Your objective: Please copy exactly the line containing "индика Богородицк" and every line after it, through the last line of the records below, leaving out all pictures.

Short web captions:

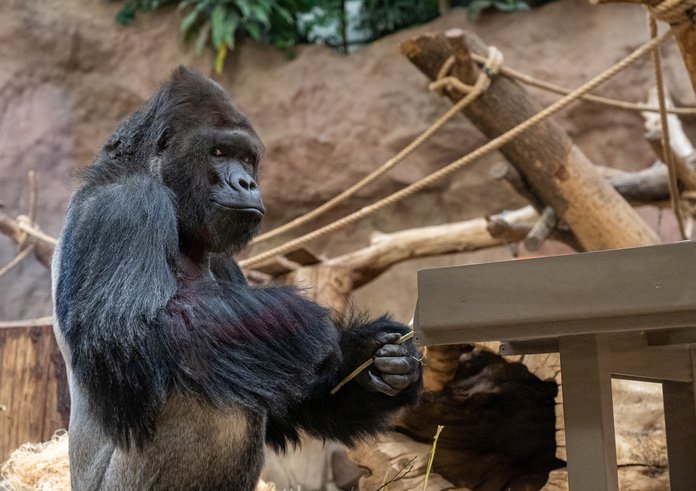 Richard sídlící v Centru Méfou, tedy ve starém pavilonu goril v dolní části zoo, je bezesporu jedním z nejslavnějších obyvatel Zoo Praha. Jeho stopa v historii zdejšího chovu je nesmazatelná zejména díky otcovství všech dosud narozených mláďat.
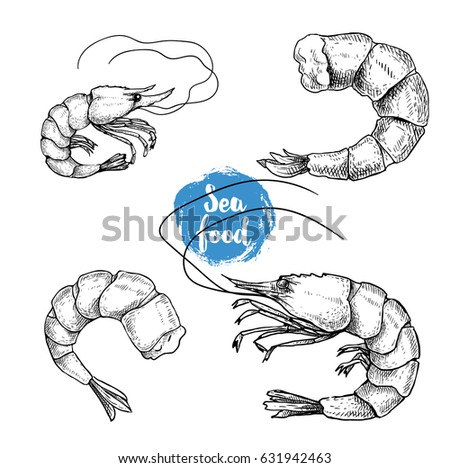 Hand Drawn Sketch Shrimp Isolated On Stock Vector 608600612 - Shutterstock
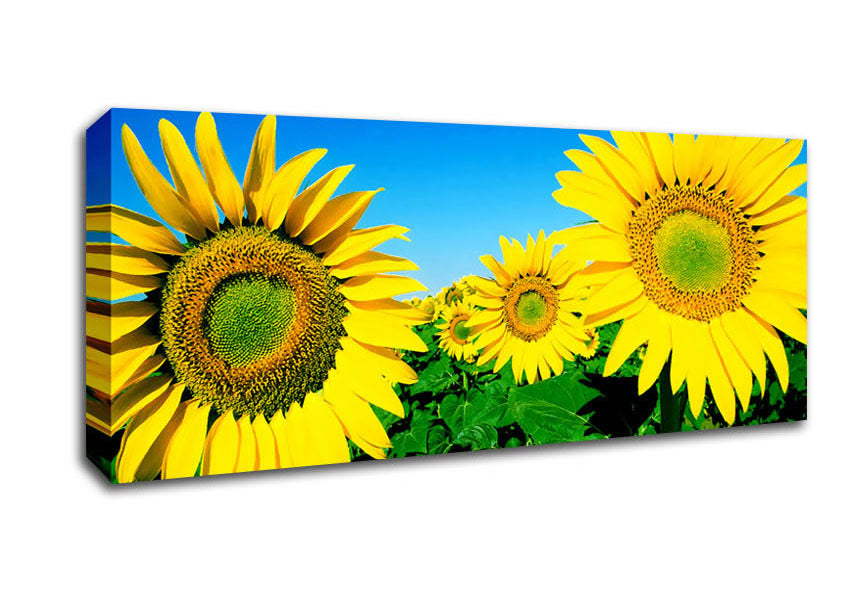 Picture of Huge Sunflower Heads In The Blue Cloudless Sky Panoramic Canvas Wall Art
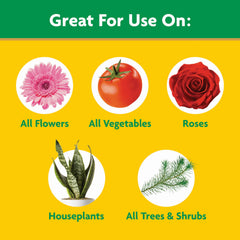 Miracle-Gro Water Soluble All Purpose Plant Food in use with watering can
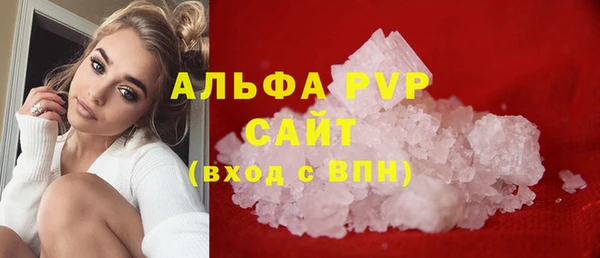 индика Богородицк
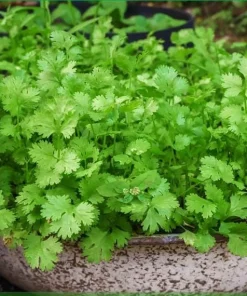 Vietnamese Small Leaf Coriander Seeds for Planting - 3000 Cilantro Seeds - Image 2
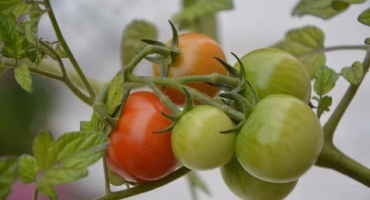 Jak si vybrat příznivý den pro výsadbu rajčat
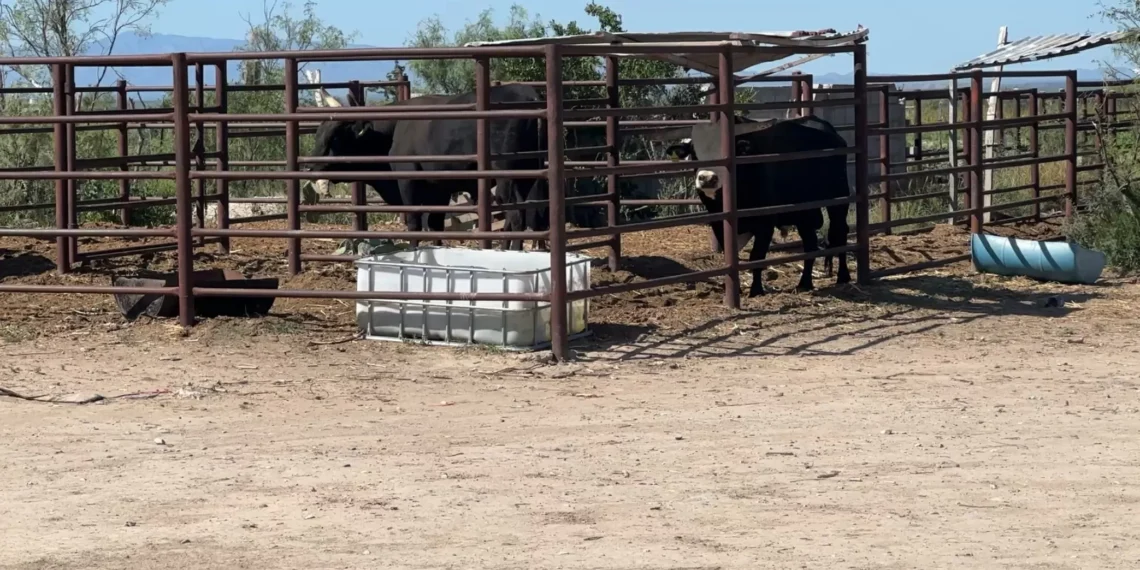 Preocupa a ganaderos de Coahuila avance de gusano barrenador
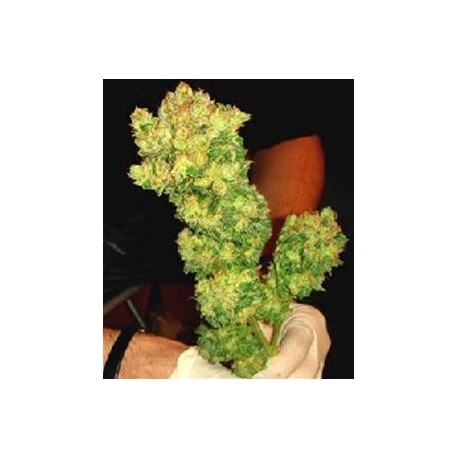 SOUR DIESEL * MEDICAL SEEDS FEM 1 SEME INDIVIDUAL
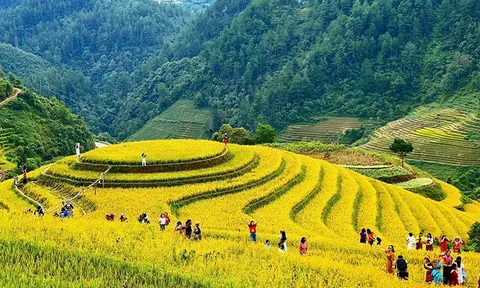 Đưa du lịch ruộng bậc thang trở thành sản phẩm đặc thù của Tây Bắc
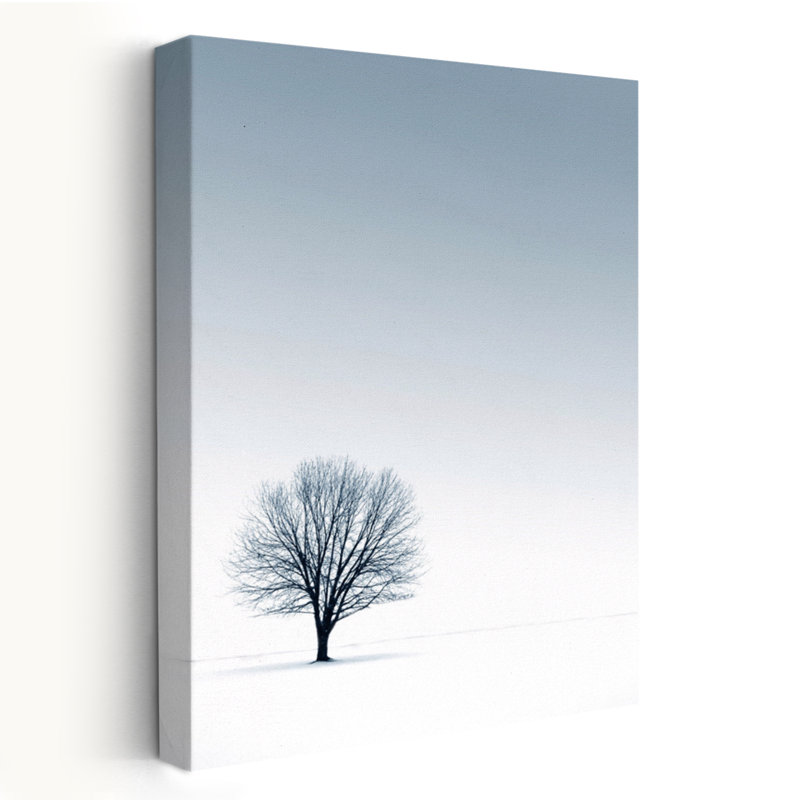 Arbre dans un paysage d'hiver - paysages, photographie, brouillard, art, H 48 po x l 32 po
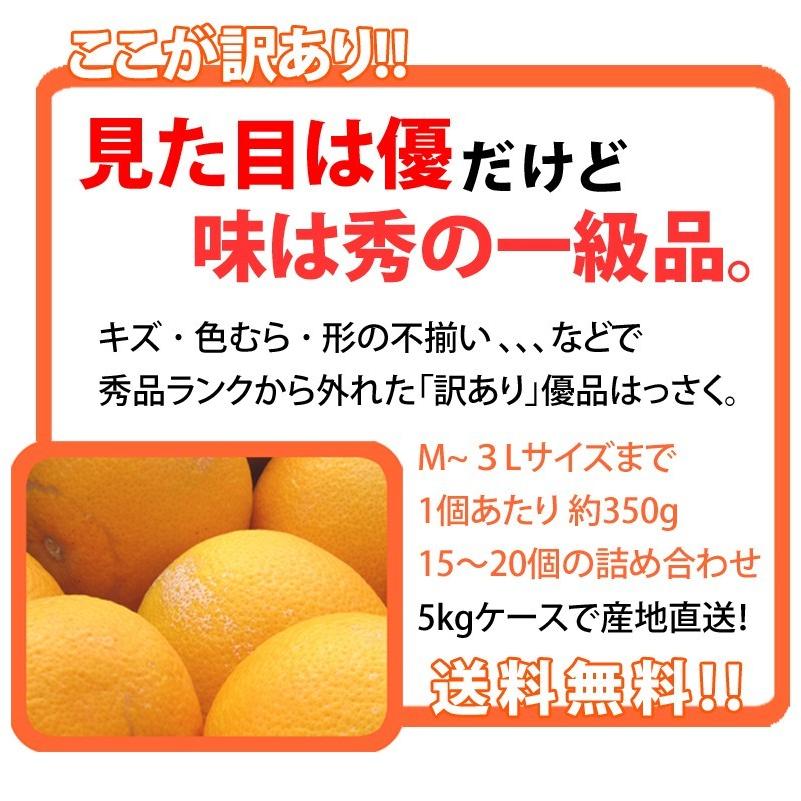 はっさく 5kg （訳あり） 【送料無料】有田みかんの里、フルーツ王国、和歌山県から産地直送 |  | 03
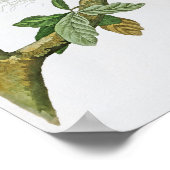 Red-shouldered Hawk John Audubon Birds of America ポスター (角)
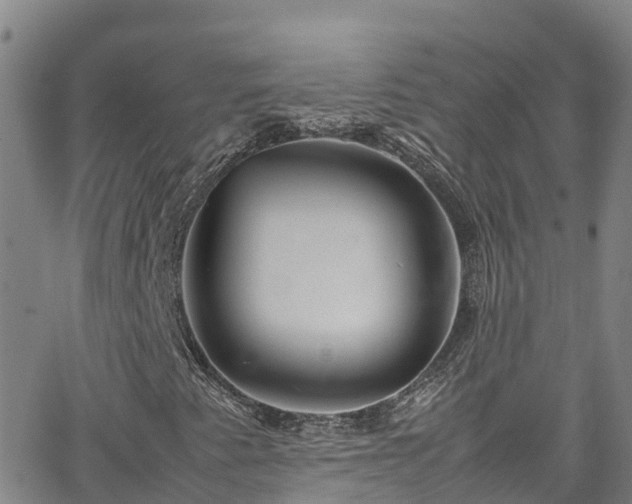 X0000064061345200601301228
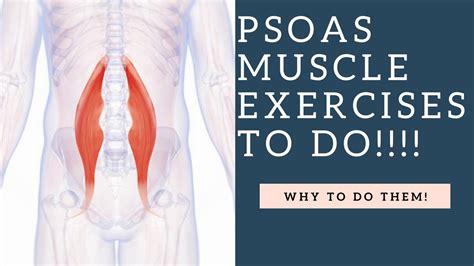 Best Psoas Muscle Exercises To Do To Strengthen And Stretch This Hip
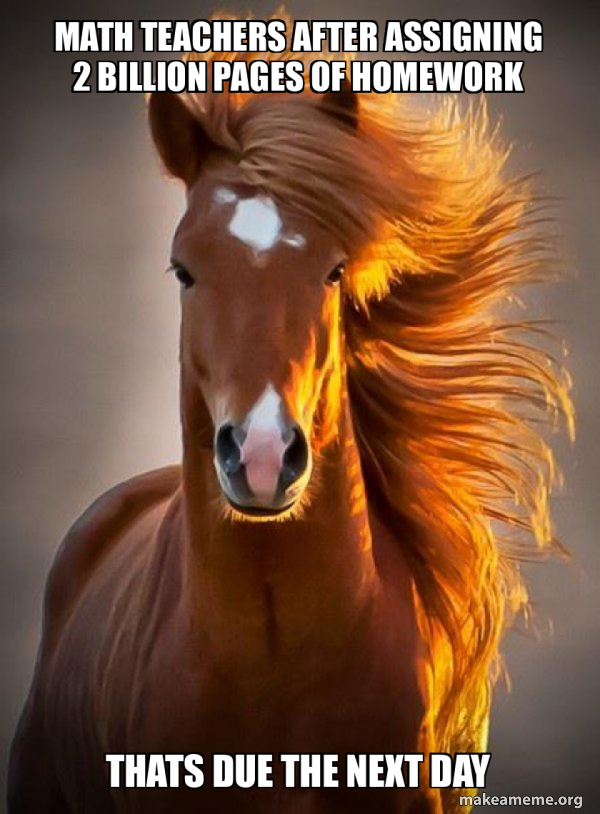 Ridiculously photogenic horse meme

Solved exercise:
 индика Богородицк
 Vietnamese Small Leaf Coriander Seeds for Planting - 3000 Cilantro Seeds - Image 2
 Jak si vybrat příznivý den pro výsadbu rajčat
 Preocupa a ganaderos de Coahuila avance de gusano barrenador
 SOUR DIESEL * MEDICAL SEEDS FEM 1 SEME INDIVIDUAL
 Đưa du lịch ruộng bậc thang trở thành sản phẩm đặc thù của Tây Bắc
 Arbre dans un paysage d'hiver - paysages, photographie, brouillard, art, H 48 po x l 32 po
 はっさく 5kg （訳あり） 【送料無料】有田みかんの里、フルーツ王国、和歌山県から産地直送 |  | 03
 Red-shouldered Hawk John Audubon Birds of America ポスター (角)
 X0000064061345200601301228
 Best Psoas Muscle Exercises To Do To Strengthen And Stretch This Hip
 Ridiculously photogenic horse meme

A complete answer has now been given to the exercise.